■ DATA SHOWN ■
*** Begin section ***

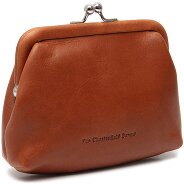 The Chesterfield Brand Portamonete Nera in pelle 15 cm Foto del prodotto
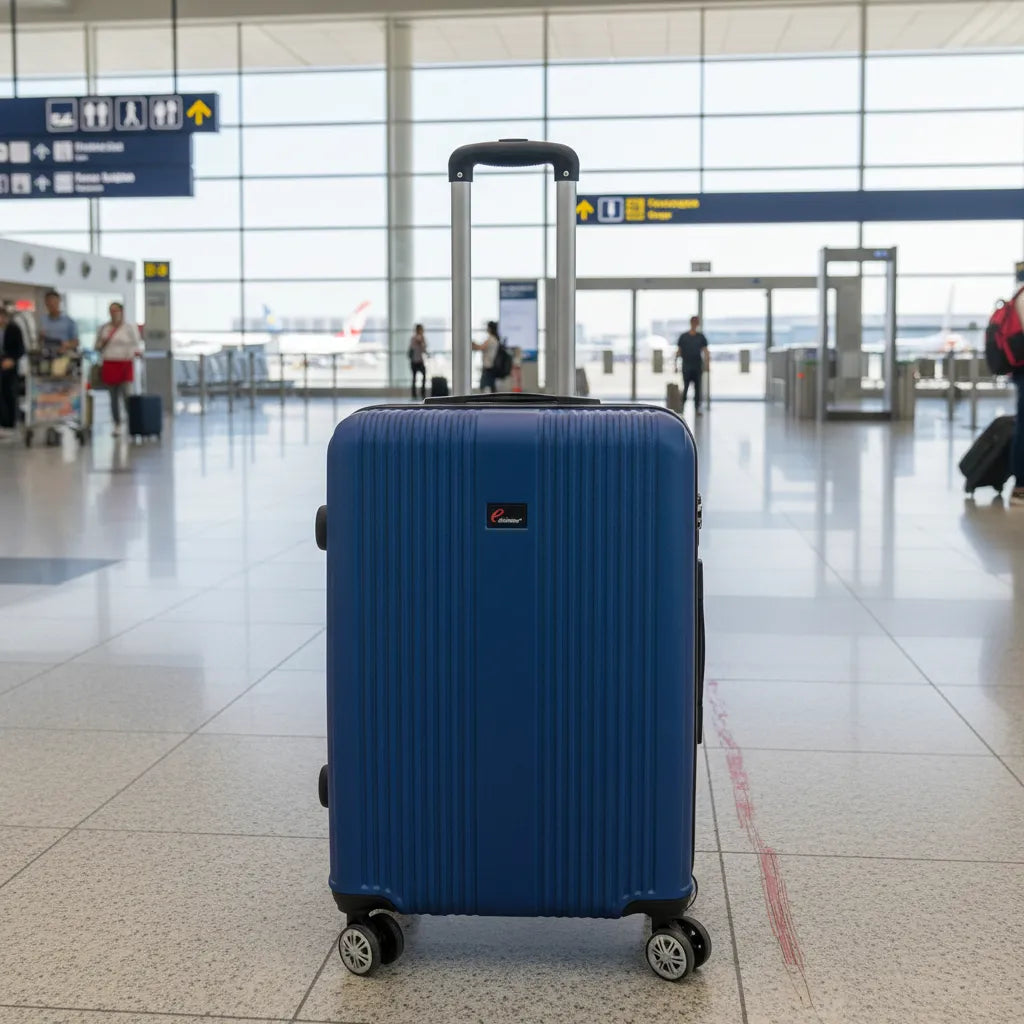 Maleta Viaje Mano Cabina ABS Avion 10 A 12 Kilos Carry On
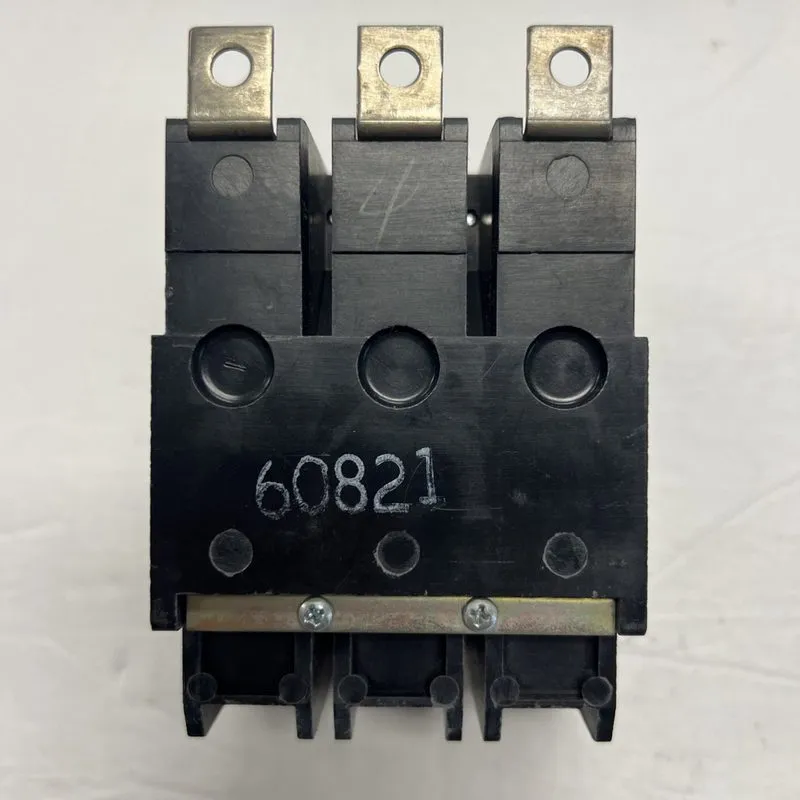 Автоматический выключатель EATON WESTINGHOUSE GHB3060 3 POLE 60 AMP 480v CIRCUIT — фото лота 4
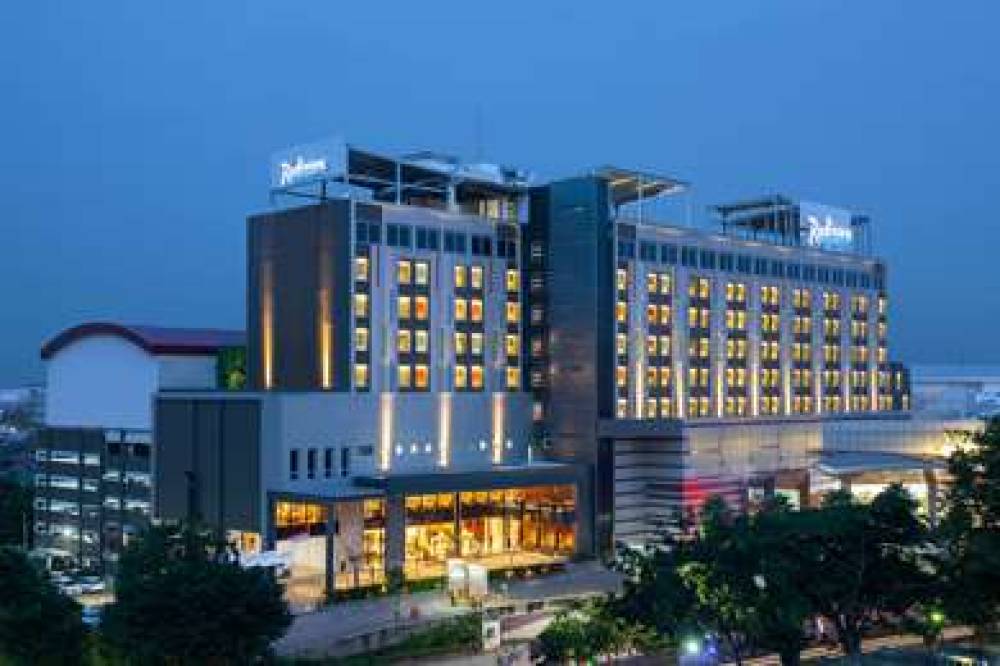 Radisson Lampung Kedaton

*** End section ***
*** Begin section ***

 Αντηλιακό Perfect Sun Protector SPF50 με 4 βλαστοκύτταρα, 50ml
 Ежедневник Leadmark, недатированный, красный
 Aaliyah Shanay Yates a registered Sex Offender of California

*** End section ***

■ TASK TO CARRY OUT ■
Please give back, exactly as it stands above, the stretch from the line with "Αντηλιακό Perfect Sun" through the line with "Aaliyah Shanay Yates", and no line outside it.

■ ANSWER BOX ■
 Αντηλιακό Perfect Sun Protector SPF50 με 4 βλαστοκύτταρα, 50ml
 Ежедневник Leadmark, недатированный, красный
 Aaliyah Shanay Yates a registered Sex Offender of California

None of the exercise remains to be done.